◆ **Task directions**
Once you find the line with "So I wanted", transcribe it and all the lines that follow to the end of the data, exactly as written; skip any pictures.

◆ **Source data**
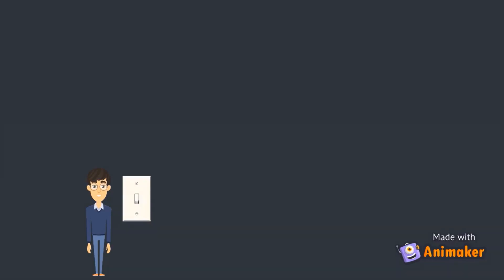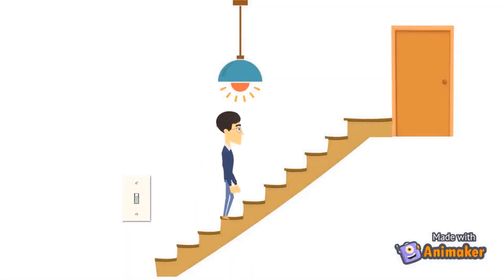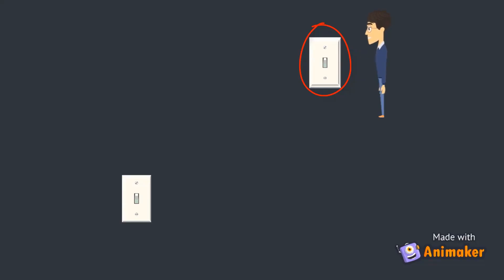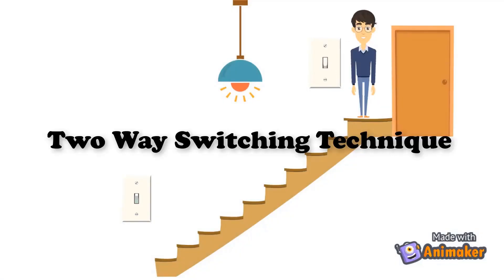If you have a wonderful staircase at your home and you need to turn on the lighting before you start climbing it, then after climbing you need to turn off the light again — with only one switch controlling the light, that will be impossible. We have to pay attention to one of the simple yet interesting connection diagrams: the two-way switching technique.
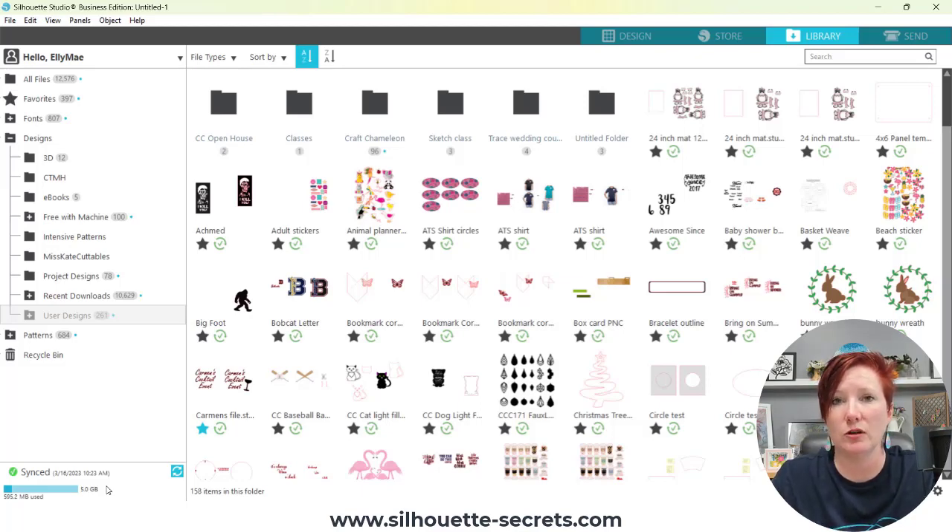So I wanted to talk about a few ways you can store your files safely. You can use the Silhouette library if you choose to do so — it is dependent on internet connection and having those files synced properly to your Silhouette account. If you created a file and didn't have internet service or it did not sync to the Silhouette server properly, that file may not be accessible later on down the road. Silhouette can only guarantee the storage and recoverability of their files from the Silhouette Design Store. Personal files are not included in that.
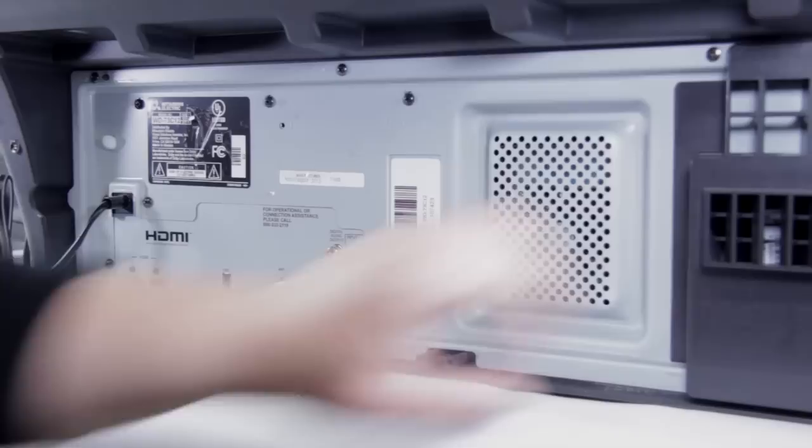The first thing we need to do is remove all the screws off the back of the set. You're going to find all these screws across here and they're all going to need to be removed.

◆ **Response to the exercise**
So I wanted to talk about a few ways you can store your files safely. You can use the Silhouette library if you choose to do so — it is dependent on internet connection and having those files synced properly to your Silhouette account. If you created a file and didn't have internet service or it did not sync to the Silhouette server properly, that file may not be accessible later on down the road. Silhouette can only guarantee the storage and recoverability of their files from the Silhouette Design Store. Personal files are not included in that.
The first thing we need to do is remove all the screws off the back of the set. You're going to find all these screws across here and they're all going to need to be removed.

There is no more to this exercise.